TEST 1: Food Under Can–Take a bit of food or a small treat, place it under an inverted can, and see how long it takes your dog to get the food. I took 14 seconds to complete this one, barely qualifying me for 4 out of 5 points.
TEST 2: Dog Under Towel–Throw a large bath towel over your dog’s head and shoulders and see how long it take your dog to free itself. I completed this one in 13 seconds, again barely capturing another 4 out of 5 points.
TEST 3: Can Your Dog Recognize a Smile?–While your dog is sitting still, stare intently into your dog’s face, count to three, and then smile big and watch what happens. On this one, I almost immediately walked toward my mommy with my tail wagging, so I received 5 out of 5 possible points. My mommy gets a significantly lower score on this one because she could not manage to conduct the test and take a photo all at the same time.

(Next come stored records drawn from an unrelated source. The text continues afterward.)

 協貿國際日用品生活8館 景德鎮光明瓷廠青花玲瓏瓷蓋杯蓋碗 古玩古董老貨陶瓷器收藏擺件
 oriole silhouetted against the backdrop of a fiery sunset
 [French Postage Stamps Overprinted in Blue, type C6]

TEST 4: Food Under Towel–Cover a morsel of food or a treat with a small towel and see how long it takes your dog to get to the food. By this time, I was starting to catch on to this whole IQ testing thing, and I was ready for it to end, so I really applied myself on this one and got to the food in 10 seconds to earn 5 out of 5 points. Yes!

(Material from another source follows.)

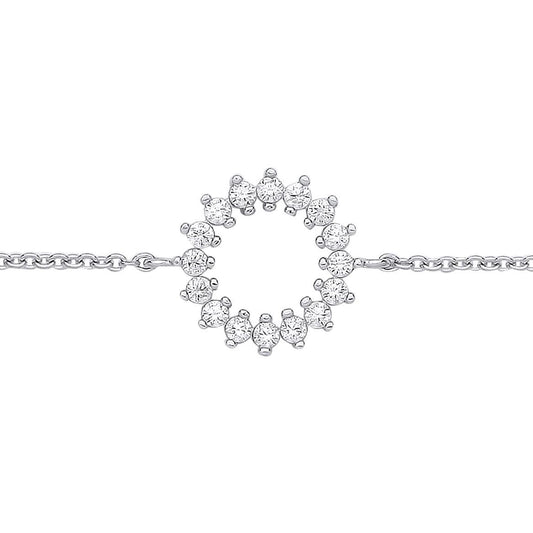 Silver CZ Supernova Fizzy Cluster Rolo Charm Bracelet 7.25 + 1" - GVB567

TEST 5: Retrieving from Under a Barrier–Find or make a table low enough to prevent your dog from putting his or her head under it but high enough for the dog to get his or her paw under it. Place a treat or morsel of food centered under the barrier and see what your dog does. So I have to tell you that it was quite humorous watching my humans try to build the “table” for this one. When they finally succeeded, I first tried to get the treat with my muzzle, then I tried to retrieve it with my paw, and then I eventually gave up and received just 3 out of 5 points. Is it possible that I was just trying not to look too smart because my humans had looked so inept trying to set up this test? I’ll never tell.
TEST 6: Does Your Dog Know Its Name–While your dog is seated, call “refrigerator” in the tone you’d normally use to call your dog, then call “movie,” then call your dog’s name and see wht happens. I was finished with this whole silly IQ testing thing at this point so I just didn’t do anything . . . which puts me about on the level with my mommy, who once again could not get it together enough to conduct the test and take a picture. 1 out of 5 points for me . . . and ZERO points for Mommy.
I really don’t quite know how to tell you how happy I was when this little IQ test experiment was over. I think my humans were a little relieved too. The three of us were equally exhausted, but the humans still needed to tally my scores. Are you ready for the results? I received a total of 22 points. Had I actually applied myself and scored more than 25 points, you would now have to call me a genius. Alas, I am not a genius dog. According to Dr. Coren, I will not be attending Harvard, but the good Dr. Coren does say that I am smart . . . smart enough for a state school, which is just fine with me!